In the internet age, writes Adrianne LaFrance in The Atlantic, travel features are shared far and wide—and they aren’t always well received back home.
The little transgressions are the forgivable ones. Local knowledge in any place is earned with time. So it’s understandable why someone who is only visiting Hawaii might think to describe poke as “sashimi salad,” for example, though that’s not quite right.
But then there are the big transgressions, the characterizations of a place that are so unmoored from a sense of history that it’s almost shocking. Almost. But Hawaii has seen it all before.
“The Hawaii Cure,” a feature published March 21 by The New York Times Magazine, treads a well-worn path of colonialist tropes as a writer indulges his escapism fantasies with a trip to Hawaii. That’s nothing new.
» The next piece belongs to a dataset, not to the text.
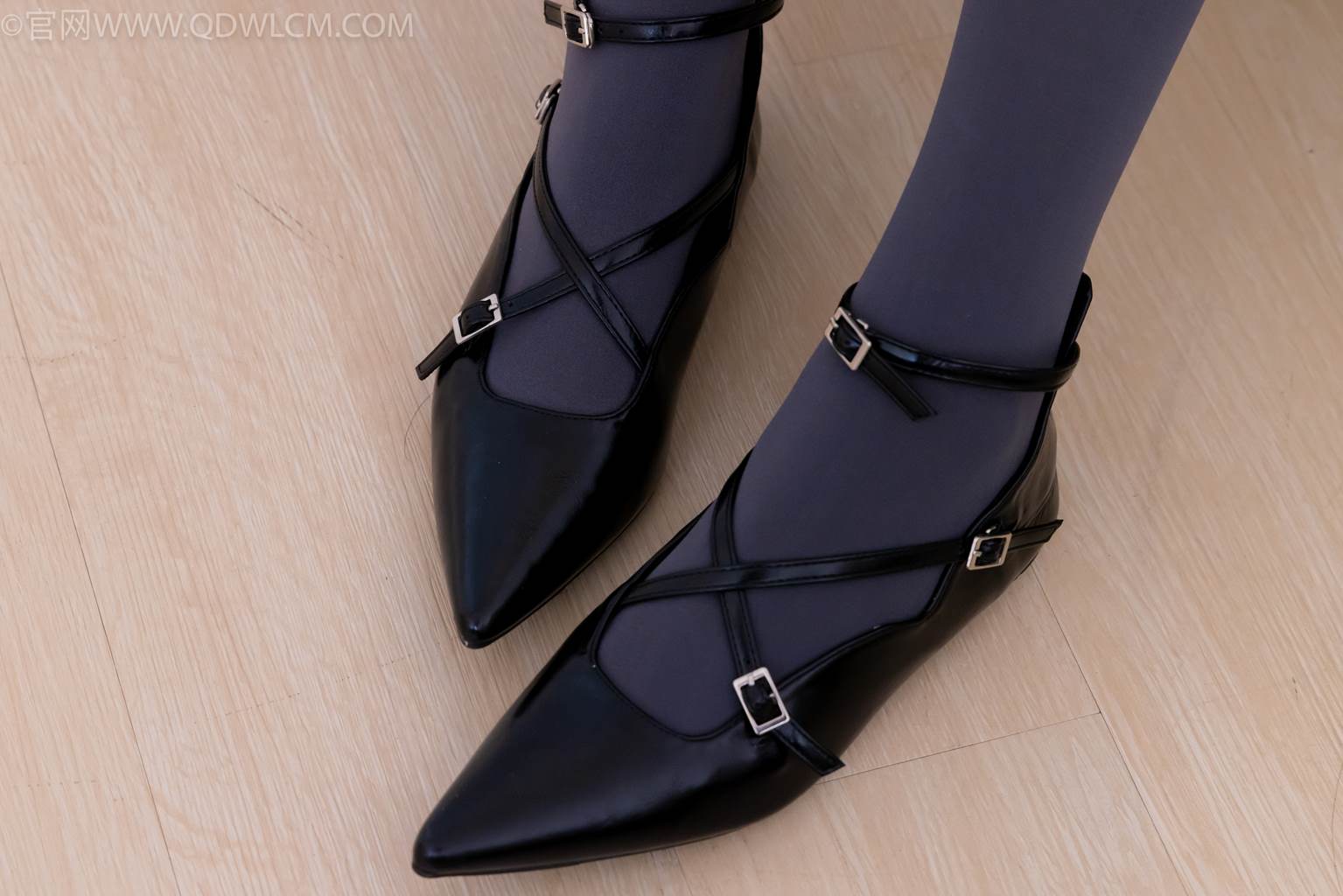 图片[19]-物恋传媒 NO.2487 恬恬-高跟鞋、厚灰丝、老头乐挠脚剧情(1)[65P] – 速更版-美库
Yet in the internet age, a lighthearted essay can travel quickly back home and elicit a scathing response from the people who live in the place it depicts.
Dozens of Hawaii people I know from when I lived on Oahu responded to the essay—in text messages, online chats, and Facebook comments, to me and to one another, with messages like: “Not today, Satan,” and “I like that you have the print version so you can BURN IT,” and a keyboard-smashing “owfi;ds’pfwePDKFMQE;LFSGKDFJ.” Let’s just say the emoji responses were not kind either.
The travel essay, as a form, is particularly fraught in places where indigenous groups were displaced by colonialism.
Theodore Roosevelt’s writings on Africa, for example, were deeply influential in shaping global perceptions of a place that he described as having “the spectacle of a high civilization all at once thrust into and superimposed upon a wilderness of savage men and savage beasts.”
Travel writing is traditionally concerned with the writer’s sense of belonging, or lack thereof—the spectacle of being somewhere new, the sense of displacement one feels. Focus on your own sense of self in a place where questions of belonging are at the heart of local politics and culture, however, and you risk misunderstanding the place entirely. Escaping is not a form of understanding, anyway.